1. ## Integrating Factor Problem

Find the solution of the initial value problem.

$\displaystyle ty' + (t+1)y = t$ ; $\displaystyle y(ln2) = 1$ ; $\displaystyle t > 0$

$\displaystyle \frac{dy}{dx} + p(x)y = Q(x)$

$\displaystyle y' + \left(1 + \frac{1}{t} \right)y = 1$

$\displaystyle p(t) = 1 + \frac{1}{t}$ ; $\displaystyle Q(t) = 1$

$\displaystyle \int p(x) = \int 1 + \frac{1}{t} dt = t + ln(t)$

Integrating Factor: $\displaystyle e^{t + ln(t)} = e^{t}e^{ln(t)} = te^t$

$\displaystyle te^t \left[y' + \left(1 + \frac{1}{t} \right)y \right] = te^t$

$\displaystyle te^t y' + \left(1 + \frac{1}{t} \right)y = te^t$

$\displaystyle u'v + v'u = \frac{d}{dx} (uv)$ ; $\displaystyle u = y$ ; $\displaystyle v = te^t$

$\displaystyle \frac{d}{dt}[yte^t] = te^t$

$\displaystyle \int d[yte^t] = \int te^t dt$

$\displaystyle yte^t = \int te^t dt$

Integrate by Parts: $\displaystyle \int te^t dt = te^t - e^t$

$\displaystyle yte^t = te^t - e^t$

$\displaystyle y(t) = 1 - \frac{1}{t} + C$

Initial Condition: $\displaystyle y(ln2) = 1$

$\displaystyle y(ln2) = 1 = 1 - \frac{1}{ln2} + C$

$\displaystyle C = \frac{1}{ln2}$

My Solution: $\displaystyle y(t) = 1 - \frac{1}{t} + \frac{1}{ln2}$

Book Solution: $\displaystyle y(t) = \frac{t - 1 + 2e^{-t}}{t}$

Where exactly did I go wrong?

2. ## Re: Integrating Factor Problem

Originally Posted by VitaX
Find the solution of the initial value problem.

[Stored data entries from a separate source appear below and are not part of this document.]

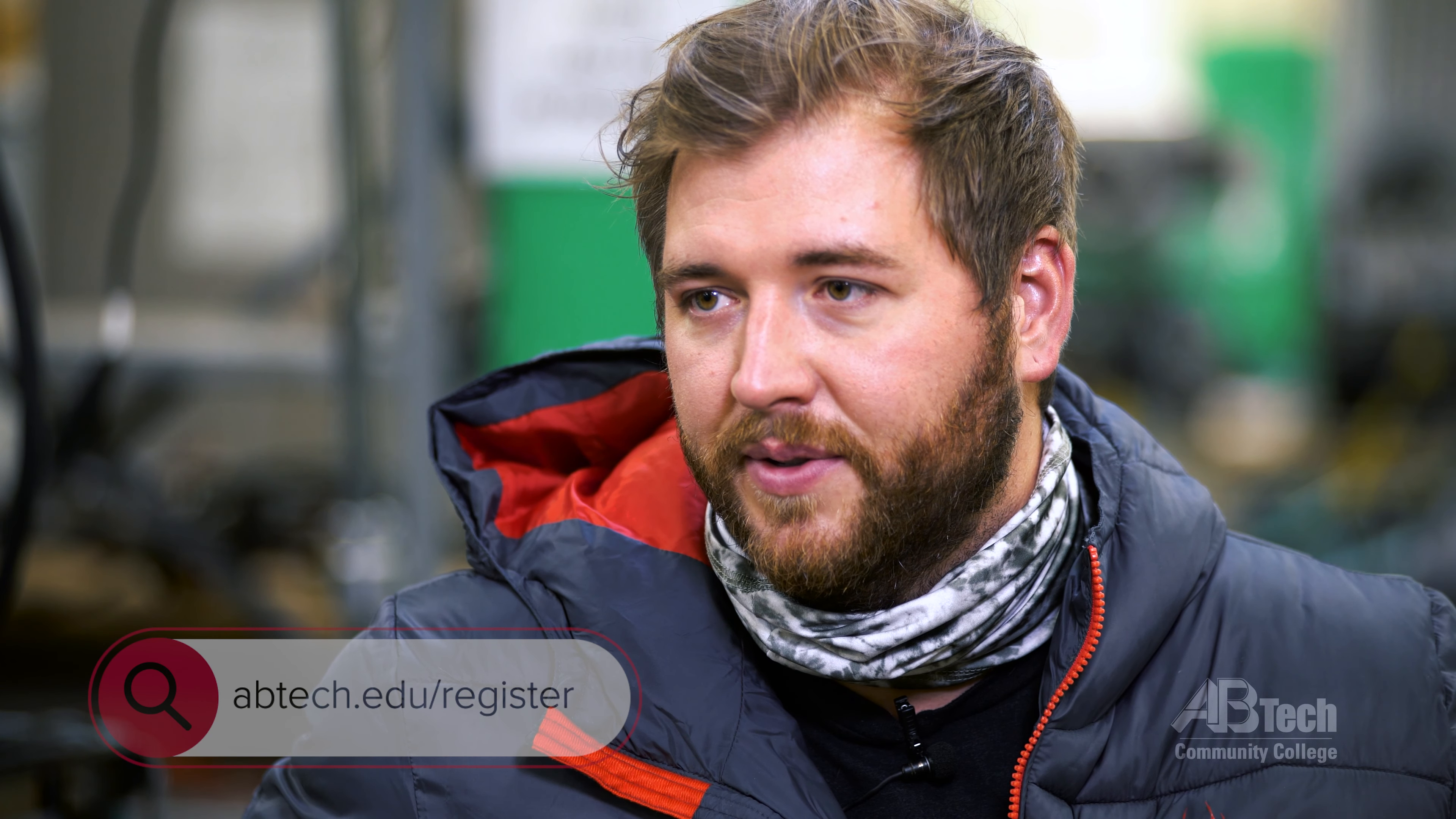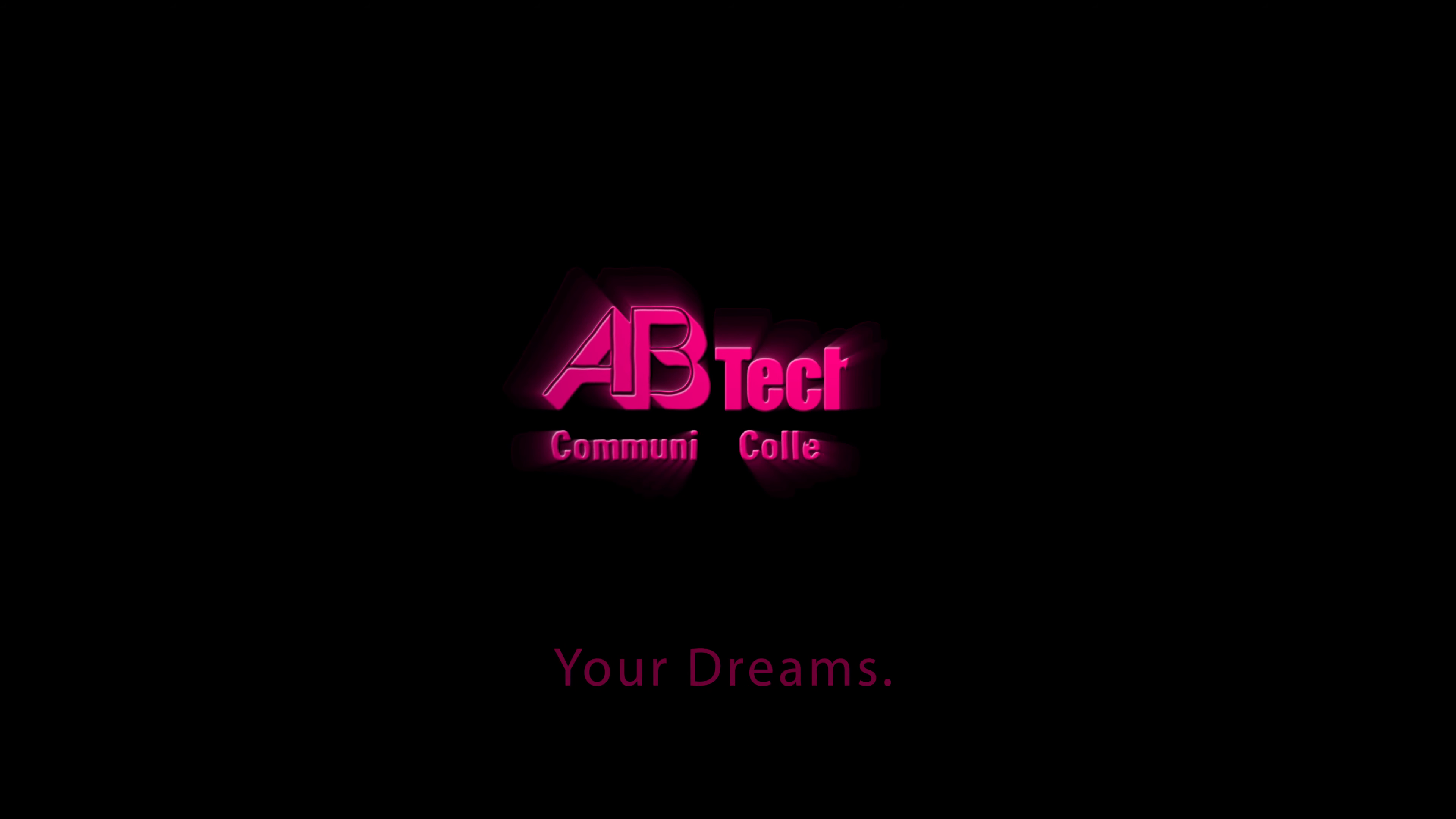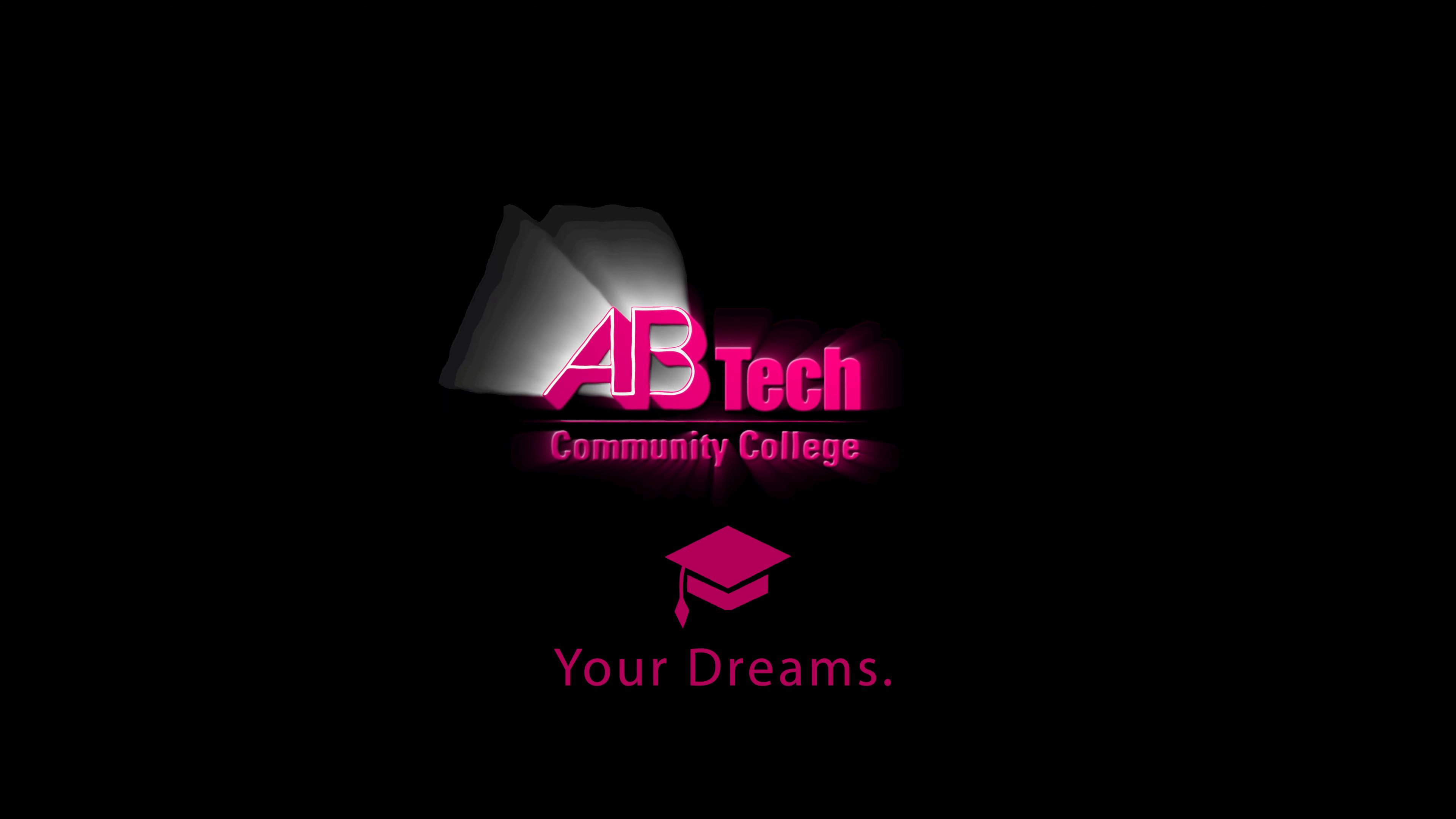AB Tech helped change my life because of how structured and streamlined the courses are. There's particular timelines that are fast-tracked to get you out into the field and that was something that definitely helps me because I don't want to stay in school for a long time. I want to get out there in the career path that I chose.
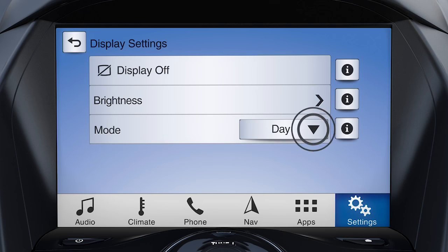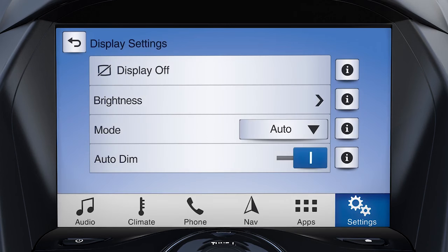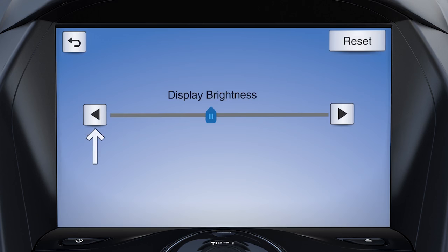Selecting Day or Night sets the screen's brightness as the default and will not change based on lighting. To manually adjust the touch screen's display intensity at any time, touch the Brightness tab and use the left arrow to dim or the right arrow to brighten.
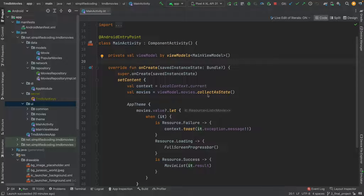Hi everyone, my name is Bilal Khan and you are watching Simplified Coding. In this video I will tell you about Assisted Injection.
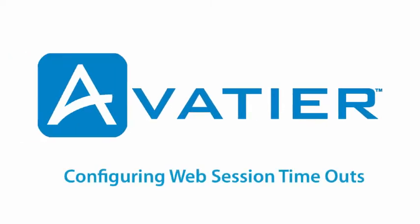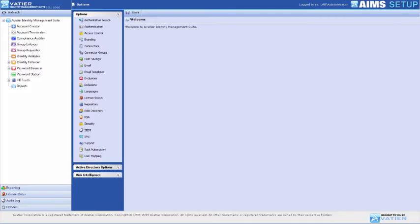Configuring Web Session Timeouts. The AvaTier Identity Management Suite, or AIMS, lets you set how long a user's web session can be idle before requiring re-authentication.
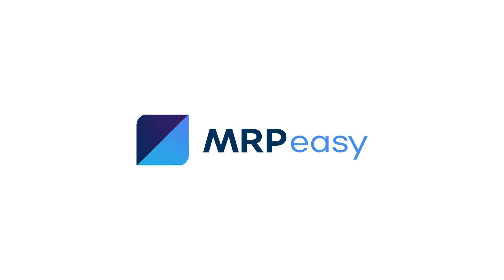Thank you for watching. Please see our other videos for more about MRP-Easy.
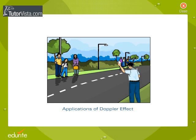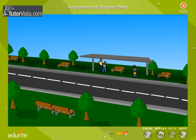Applications of Doppler Effect. The illustration shown here will help you understand the Doppler effect. I'm sure you would have heard an ambulance speeding past you. The pitch of the siren increases as the ambulance approaches you, and the pitch decreases when the ambulance moves away from you.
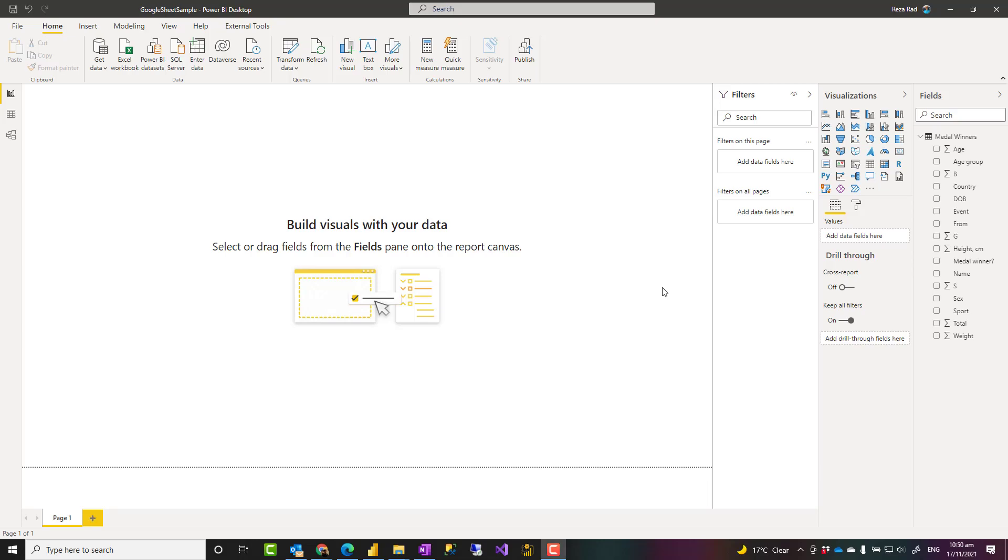Hello, this is Resorad from Radacad. In this video, I'm going to talk about how to get data from Google Sheets into Power BI using the new connector just announced for Power BI and Power Query. Let's see how it works.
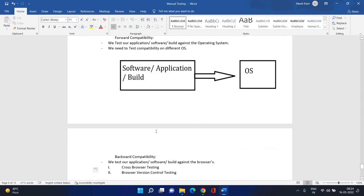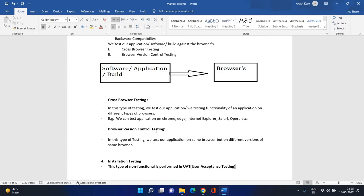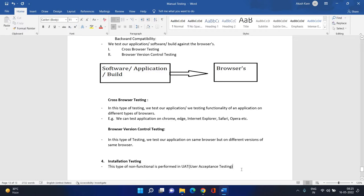Along with SIT, there is another environment called UAT. Installation testing is a type of non-functional testing performed in the UAT environment. UAT stands for User Acceptance Testing. As SIT testers, we never perform installation testing in the UAT environment — remember this.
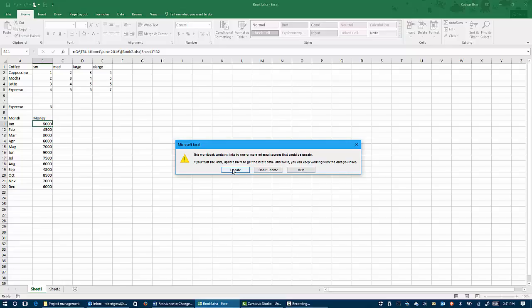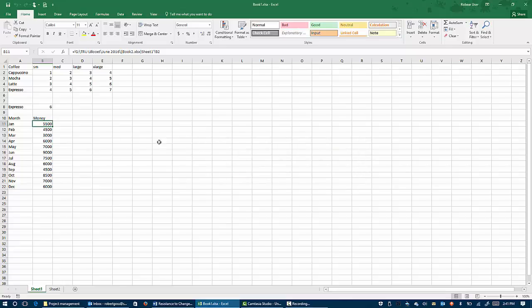So now if you notice, you can see that under month, it says 5,000, which is what we had before. As soon as I click update, it changes to 5,500. So what Excel is doing is it's going and it's grabbing that information from the other spreadsheet.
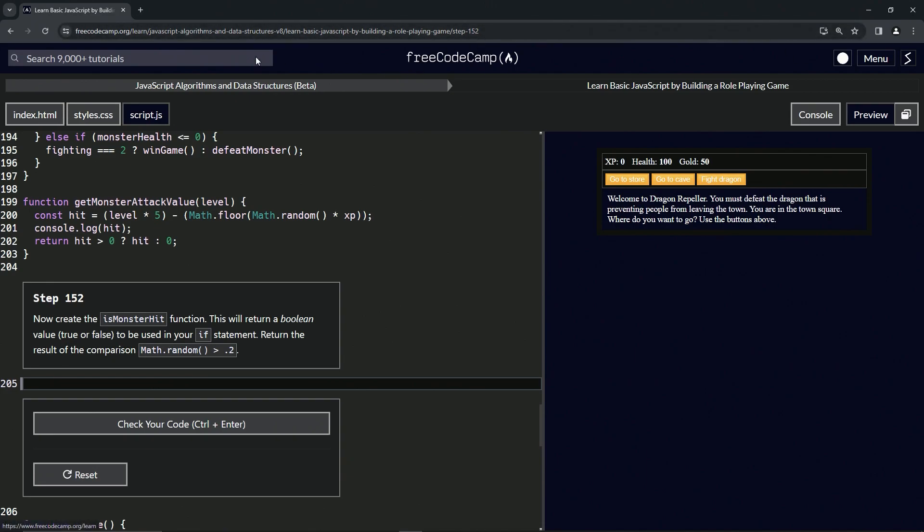Now we're doing FreeCodeCamp, JavaScript algorithms and data structures beta, learn basic JavaScript by building a role-playing game, step 152.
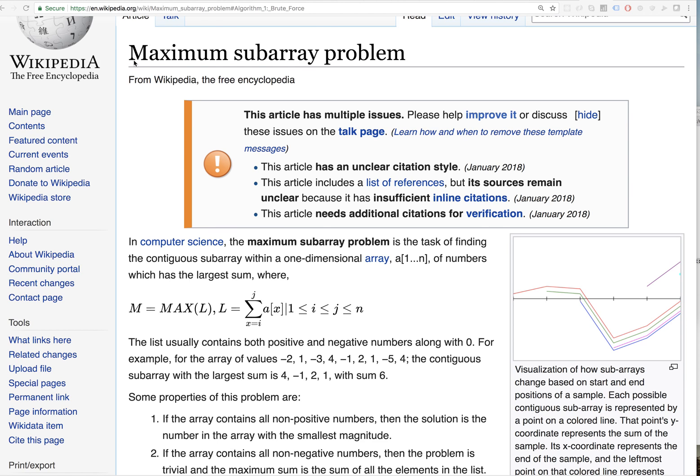I'm going to do the maximum subarray problem here, or the largest continuous sum, whatever you want to call it. Basically, you get a list or an array, and you want to find the maximum sum of any continuous numbers throughout it.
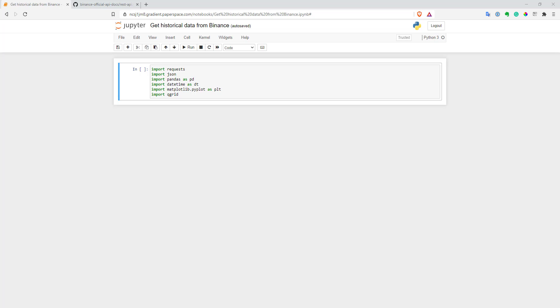Hi, this is Gmat Nomad. Welcome to my channel. In this video, I will show you how you can get historical bars from Binance API in Python. And if you like my content, please like this video and subscribe. This will help me to make more content for you.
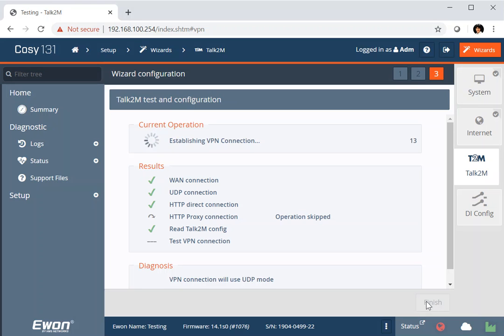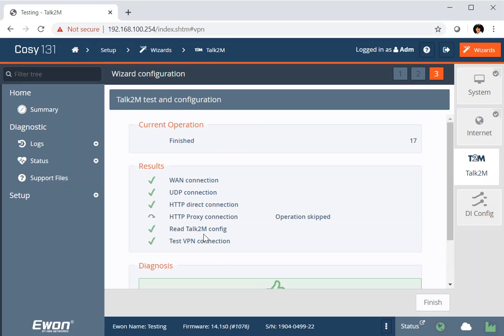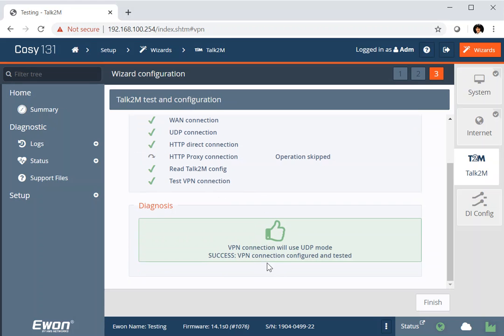And there we've got a correct configuration. It's successfully read the Talk2M configuration, tested the VPN, and we've got our green thumbs up. So all is well.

$\displaystyle ty' + (t+1)y = t$ ; $\displaystyle y(ln2) = 1$ ; $\displaystyle t > 0$

$\displaystyle \frac{dy}{dx} + p(x)y = Q(x)$

$\displaystyle y' + \left(1 + \frac{1}{t} \right)y = 1$

$\displaystyle p(t) = 1 + \frac{1}{t}$ ; $\displaystyle Q(t) = 1$

$\displaystyle \int p(x) = \int 1 + \frac{1}{t} dt = t + ln(t)$

Integrating Factor: $\displaystyle e^{t + ln(t)} = e^{t}e^{ln(t)} = te^t$

$\displaystyle te^t \left[y' + \left(1 + \frac{1}{t} \right)y \right] = te^t$

$\displaystyle te^t y' + \left(1 + \frac{1}{t} \right)y = te^t$

$\displaystyle u'v + v'u = \frac{d}{dx} (uv)$ ; $\displaystyle u = y$ ; $\displaystyle v = te^t$

$\displaystyle \frac{d}{dt}[yte^t] = te^t$

$\displaystyle \int d[yte^t] = \int te^t dt$

$\displaystyle yte^t = \int te^t dt$

Integrate by Parts: $\displaystyle \int te^t dt = te^t - e^t$

$\displaystyle yte^t = te^t - e^t$ This is where you made your mistake.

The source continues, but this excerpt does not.